Challenger estimated that retailers will hire a total of 650,000 new holiday hires in the November-December period, down from 721,200 a year-ago.
Craig Rowley, vice president for retail for consulting firm Hay Group, said that based on a poll of 20 major retailers conducted in September, 26 percent of those surveyed said they plan to hire fewer workers than a year ago. But Rowley says that deteriorating sales in recent weeks may push that up to 35 percent.
Only 15 percent of those polled said they plan to hire more workers than a year ago.
Free shipping remains big lure
NEW YORK » The expectation of sluggish holiday sales this year could mean a free shipping bonanza for shoppers.
According to a survey conducted for Shop.org, an arm of the National Retail Federation, 41.4 percent of those polled said that they will be offering free shipping with no conditions, compared to 36 percent in the year-ago period. Those offering free shipping with some sort of conditions has declined to 78.6 percent from 82.7 percent a year ago. About 60 percent of those surveyed said they will offer free shipping upgrades compared to 49.3 percent a year ago.
"Free shipping offers drive online sales more than any other promotion, which is why they remain popular with retailers," said Scott Silverman, executive director of Shop.org.
The study, conducted by BizRate Research, a Shopzilla company, for Shop.org, surveyed 2,695 online buyers -- defined as anyone who has made an online purchase in the past 12 months -- and 116 online retailers from Sept. 26-Oct. 8.

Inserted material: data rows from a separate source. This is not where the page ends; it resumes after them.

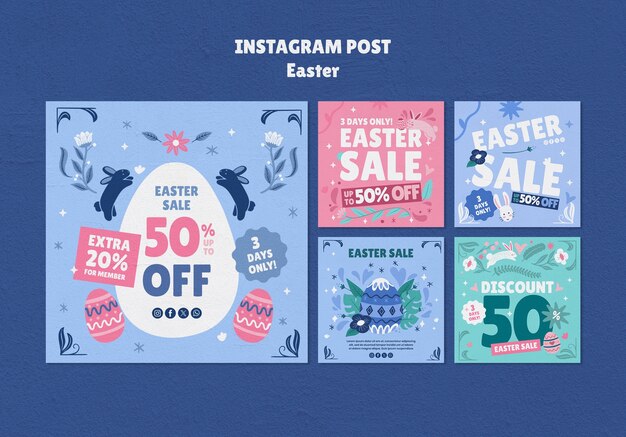 Free PSD easter day celebration  instagram posts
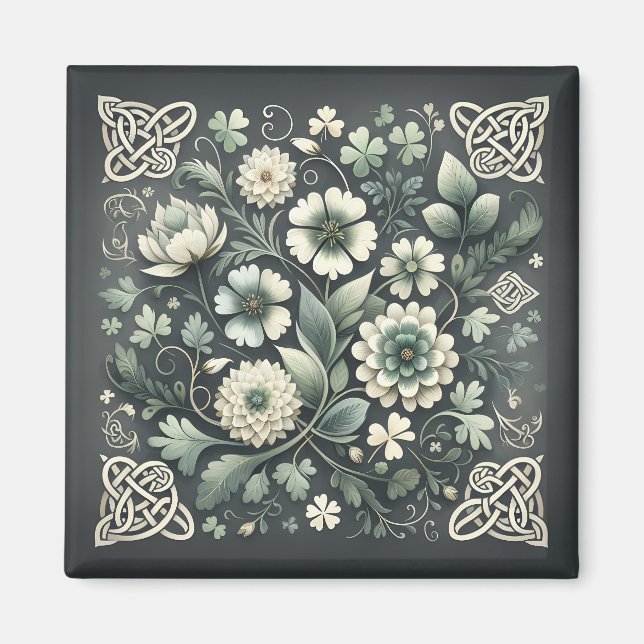 Whispered Clover Knotwork Garden Magnet (Vorne)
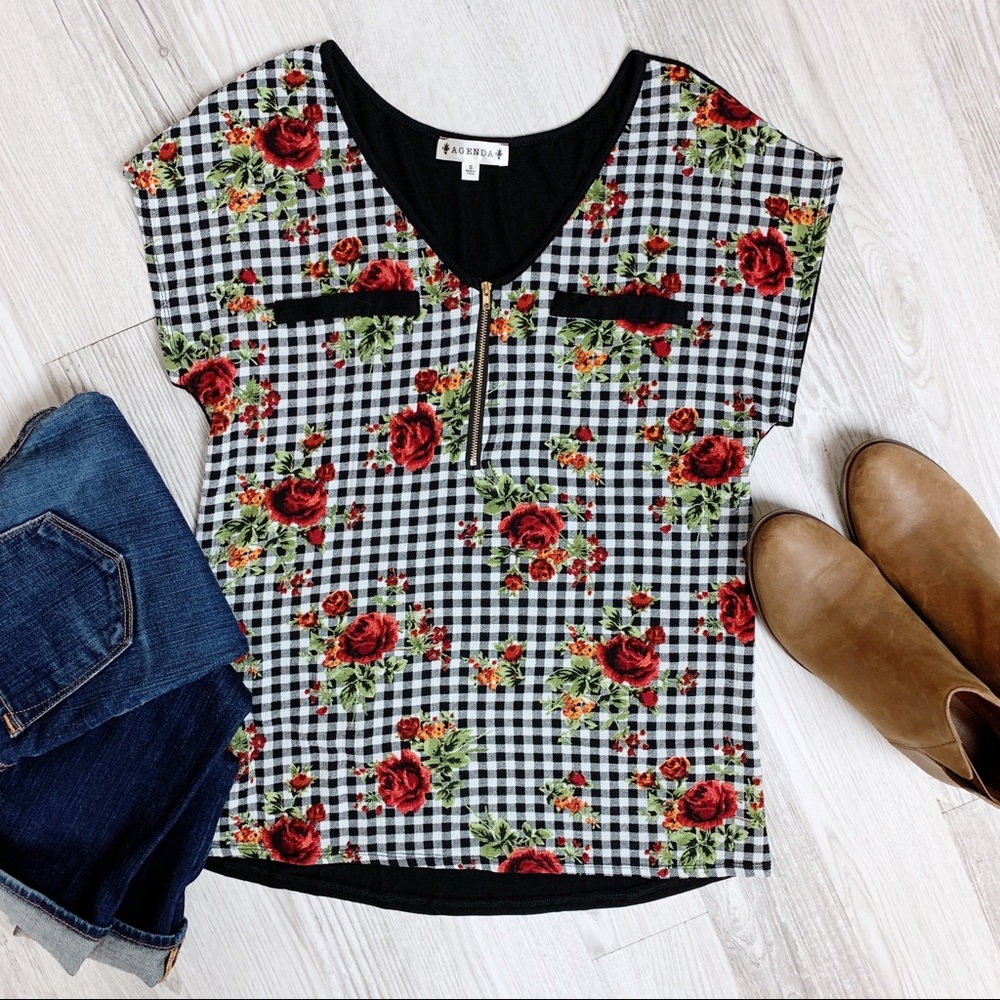 Agenda Gingham & Floral Blouse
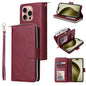 9 Card Slots Zipper Wallet Bag Leather Phone Case, For iPhone Air, For iPhone 16 Pro Max, For iPhone 16 Pro, For iPhone 16 Plus
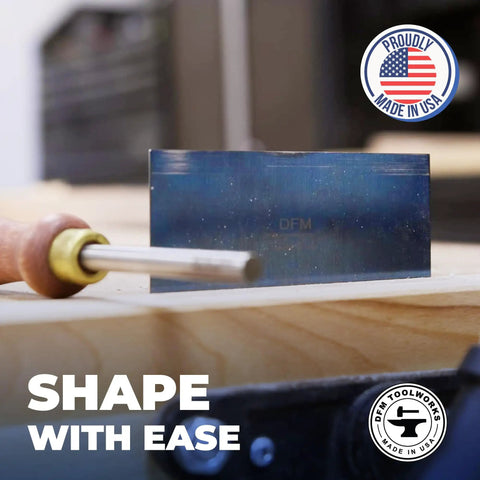 Top Shelf High Carbon Steel Rectangle Card Scraper Set Delivering Knockout Performance On Fine Woodworking Projects, close-up of scraper on wood.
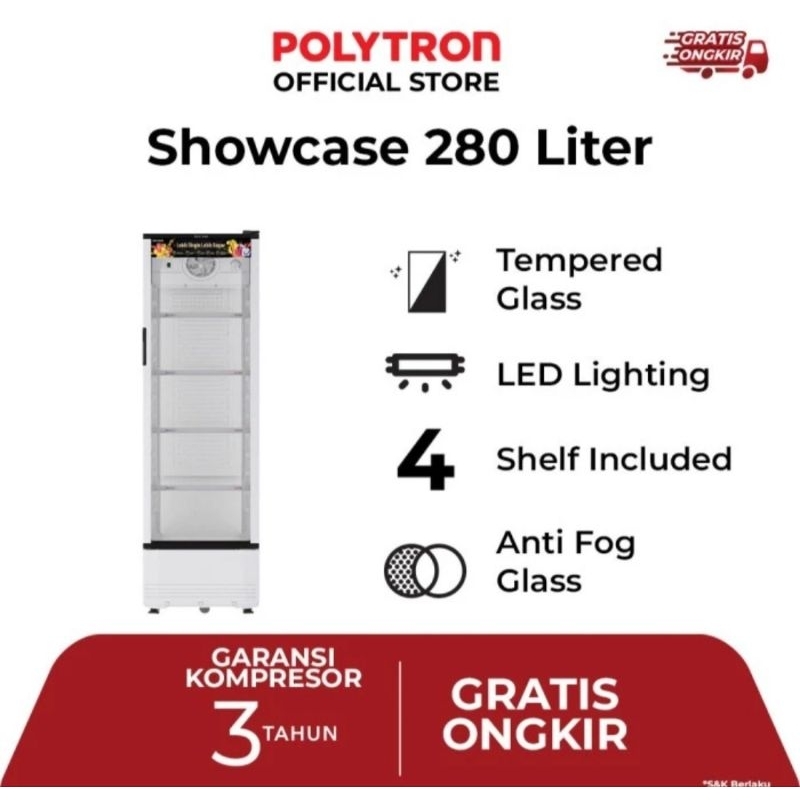 SHOWCASE POLYTRON 4 RAK SCN 230 280LITER SHOWCASE POLYTRON 4RAK SCN230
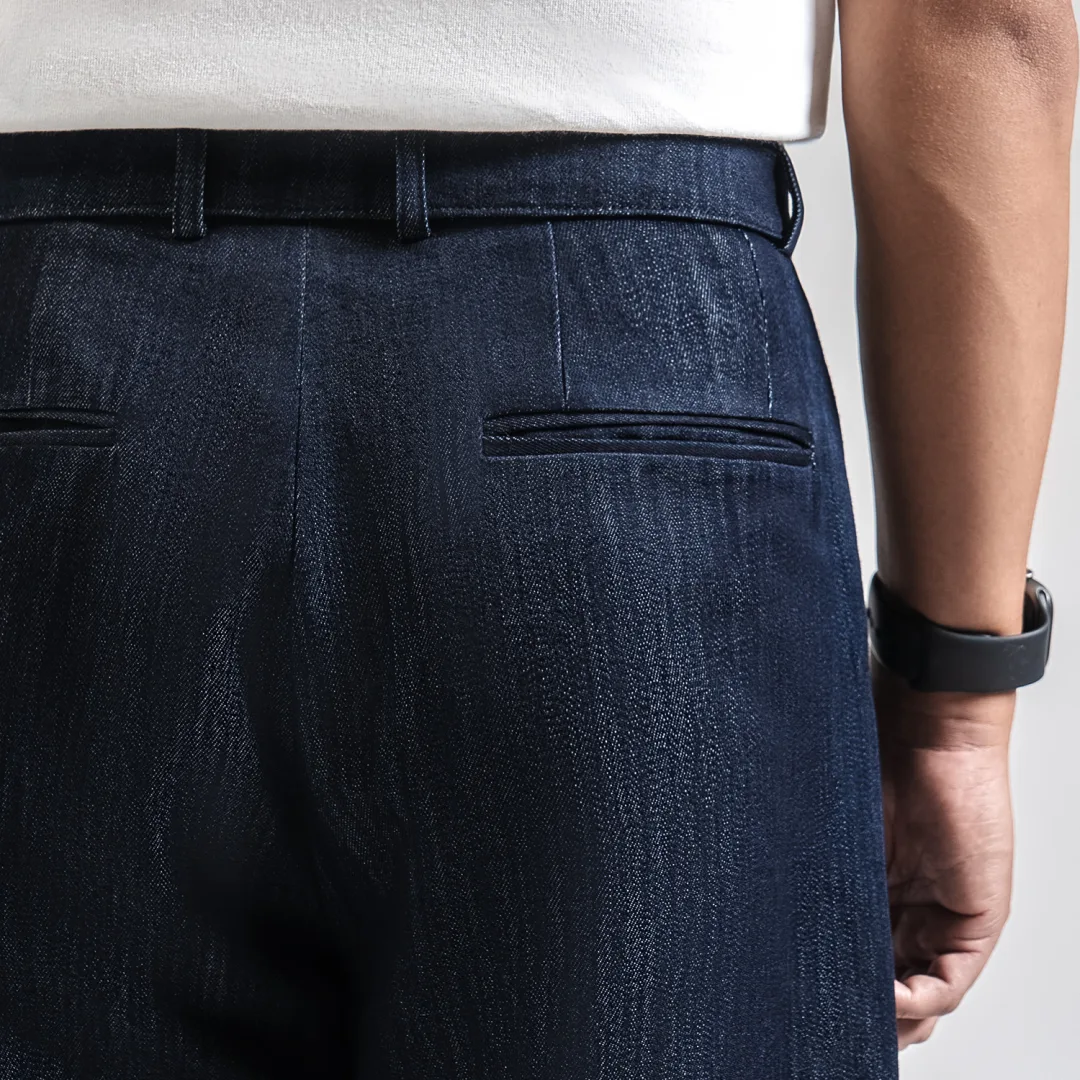 Dark Blue Slub Elite Wide Raw Denim Pant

Midnight openings more popular
NEW YORK » Hitting the malls could be a good way to work off that Thanksgiving dinner. Based on past success, mall operators and stores are expanding midnight openings on the day after Thanksgiving to help shoppers get a heads up on their Christmas list.
General Growth Properties Inc., the nation's second-largest owner, developer and manager of regional shopping centers, said that 12 of its 200 malls will open at midnight on the day after Thanksgiving. That's up from seven a year ago.While the day after Thanksgiving officially starts the holiday shopping season, it is no longer the busiest shopping day. That honor has typically fallen to the Saturday before Christmas.

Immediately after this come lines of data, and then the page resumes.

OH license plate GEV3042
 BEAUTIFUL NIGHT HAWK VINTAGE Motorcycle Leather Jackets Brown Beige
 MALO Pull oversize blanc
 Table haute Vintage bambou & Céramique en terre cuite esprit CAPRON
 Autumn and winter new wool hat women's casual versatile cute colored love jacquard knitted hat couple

Still, Black Friday -- named because it was traditionally when stores became profitable -- still sets an important tone for the rest of the season. What consumers find for deals and service influences where they will shop for the rest of the season.
Many workers 'not engaged'
As the market shimmies and shakes with fears of impending recession, corporations start looking to cut costs -- including employees. In the past few months, for instance,
Bank of America,
Countrywide and
Boston Scientific have announced plans to fire thousands of American workers.

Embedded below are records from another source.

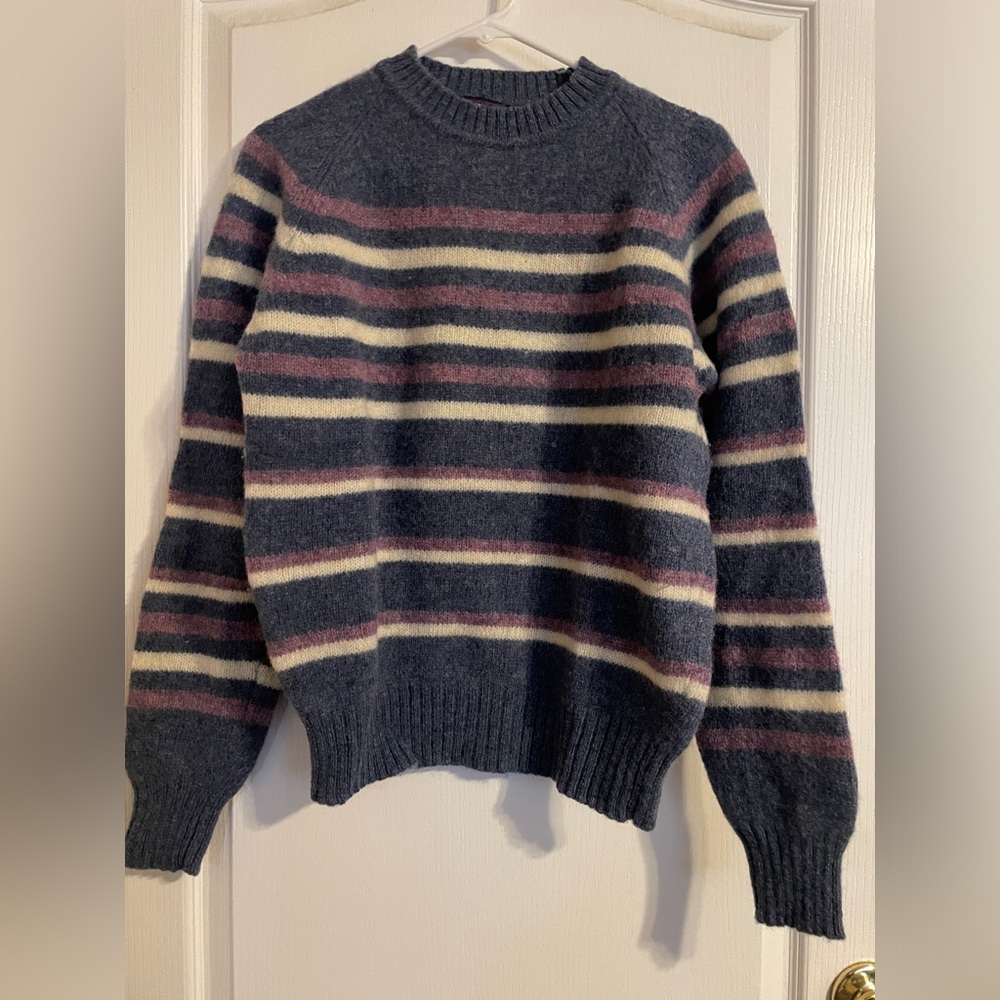 Carl Micheals 100% Shetland‎ Wool Striped Long Sleeve Sweater  Large Preppy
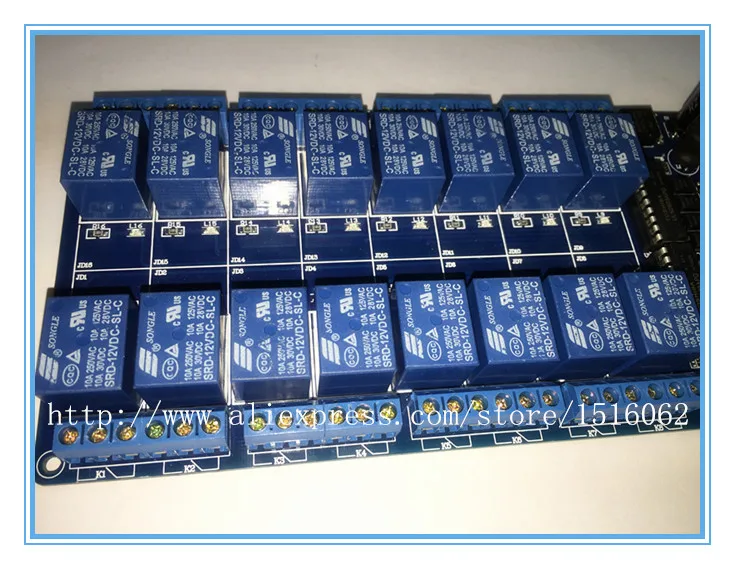 Новый 16-канальный 12 В релейный модуль для Arduino DSP AVR PIC ARM UNO Mega 2560 R3 atmel atmega 1280 (синий) |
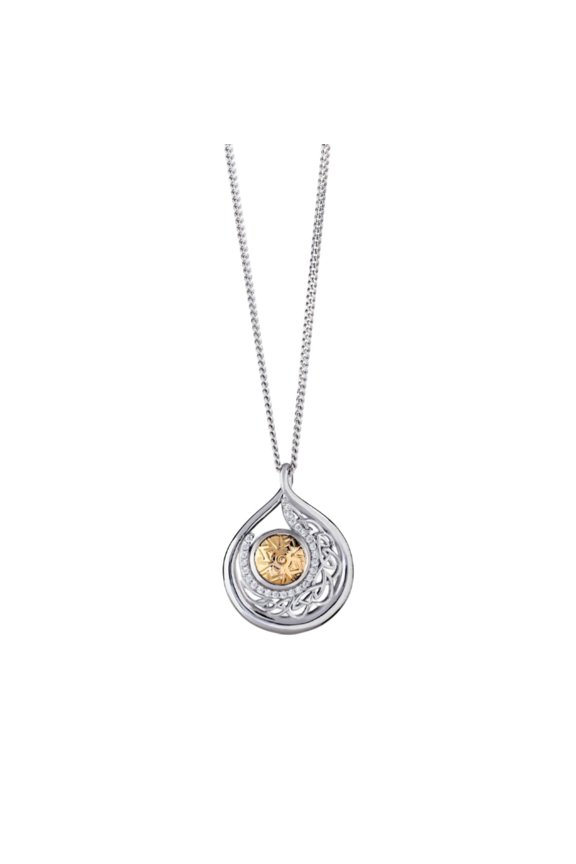Sterling Silver and 18k Gold Solstice Teardrop Necklace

American workers, hardened by more than 20 years of mass layoffs, are more likely today to be victims of a "psychological recession," according to Judith Bardwick, an expert on workplace psychology. Many workers today feel they are living in a chaotic world of job insecurity, she says in her book, "One Foot Out the Door."
Relying on questionnaire data, primarily from 1998 to 2005, she claims those workers are no longer committed to their companies or their work responsibilities.
"On average, 80 percent of the people in many companies are not engaged in the work that they do," she said, citing a Gallup poll of 12.5 million people from 2003 to 2005. "Uninvolved people take no interest in their work -- they do just enough not to get fired and are content to keep doing the same thing over and over."
To shore up employee motivation and investment in the corporation, management should work to build trust with its work force and be open to ideas issuing from the rank and file, she said.